▸ **What the task requires**
With the exception of the pictures, transcribe the entire listing exactly.

#### Material provided ####

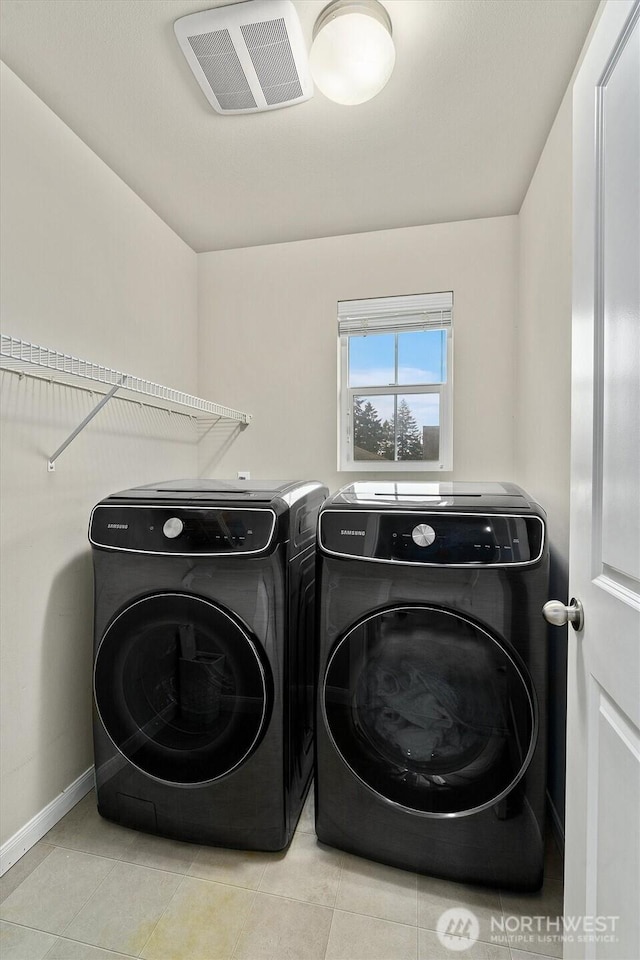 laundry room featuring laundry area, tile patterned flooring, washing machine and clothes dryer, and visible vents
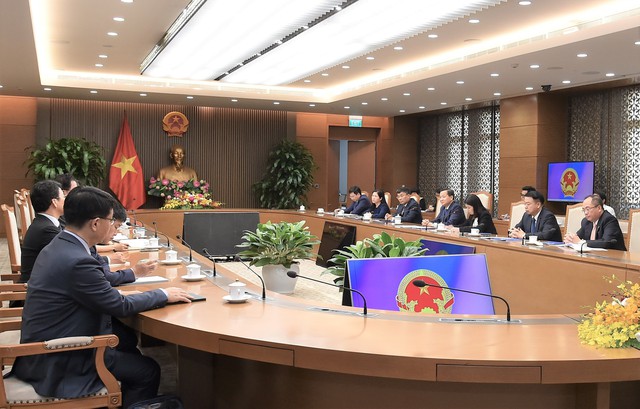 Deputy Prime Minister Le Minh Khai meets with the leaders from KDB and IBK in Hanoi on June 23. Photo: VGP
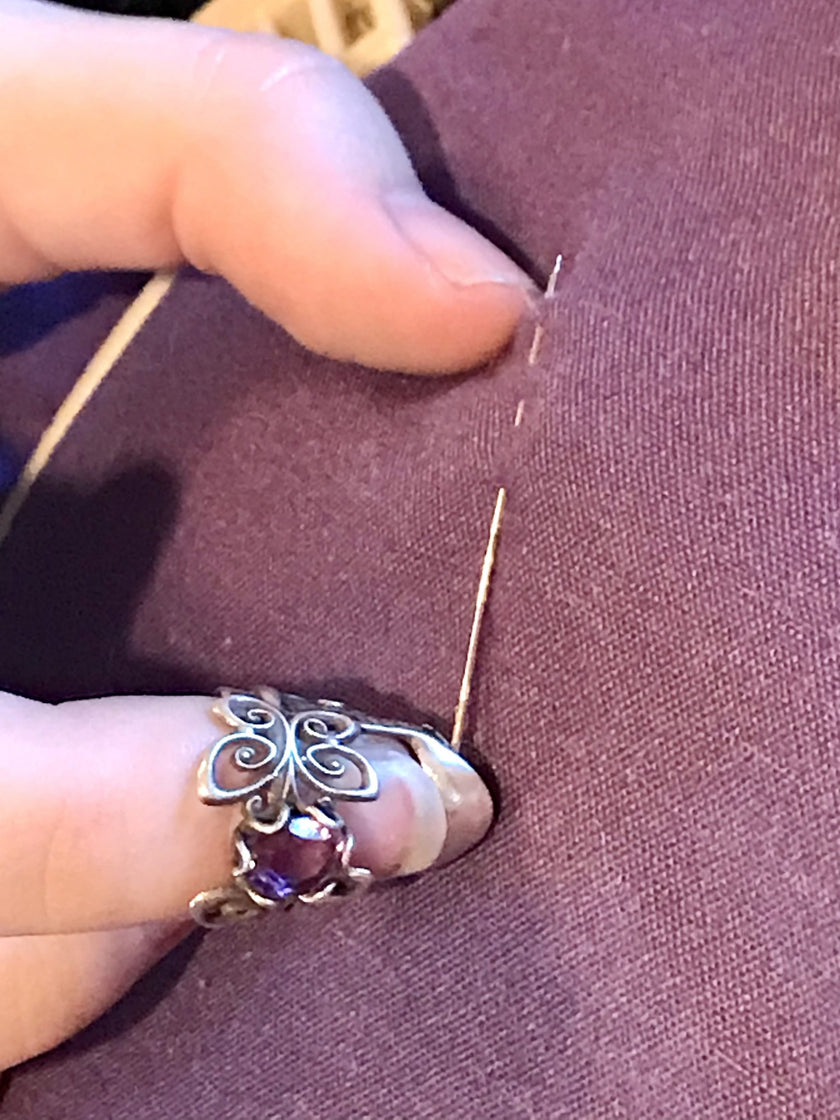 Close-up of a hand using a Butterfly Short Thimble for sewing on purple fabric, showcasing the sterling silver thimble design.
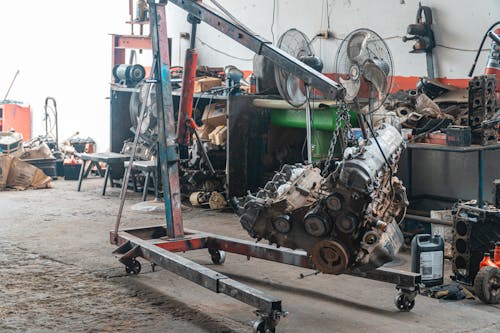 Car Engine Being Lifted With Chain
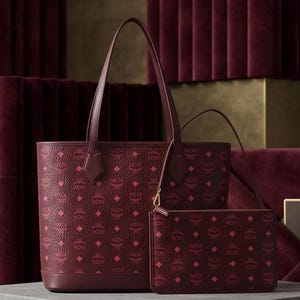 May include: Burgundy tote bag and matching clutch with a repeating pink logo pattern. The tote has long handles, and the clutch has a gold zip. The bags are displayed on a grey surface against a burgundy backdrop.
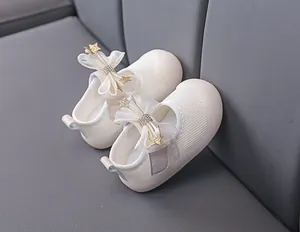Detailed macro view of baby walking shoes with mesh fabric bow and star accents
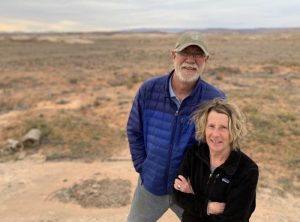 Bluff Mayor Ann Leppanen and Bluff Town Councilman Brant Murray stand where a solar farm might sprout photovoltaic panels on the Bluff Bench just north of town. They say the proposal would mar the view of land designated by President Obama as Bears Ears National Monument in 2016. The acreage is no longer within boundaries of the current monument. (KUER)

####

▸ **Solution for this exercise**
 laundry room featuring laundry area, tile patterned flooring, washing machine and clothes dryer, and visible vents
 Deputy Prime Minister Le Minh Khai meets with the leaders from KDB and IBK in Hanoi on June 23. Photo: VGP
 Close-up of a hand using a Butterfly Short Thimble for sewing on purple fabric, showcasing the sterling silver thimble design.
 Car Engine Being Lifted With Chain
 May include: Burgundy tote bag and matching clutch with a repeating pink logo pattern. The tote has long handles, and the clutch has a gold zip. The bags are displayed on a grey surface against a burgundy backdrop.
Detailed macro view of baby walking shoes with mesh fabric bow and star accents
 Bluff Mayor Ann Leppanen and Bluff Town Councilman Brant Murray stand where a solar farm might sprout photovoltaic panels on the Bluff Bench just north of town. They say the proposal would mar the view of land designated by President Obama as Bears Ears National Monument in 2016. The acreage is no longer within boundaries of the current monument. (KUER)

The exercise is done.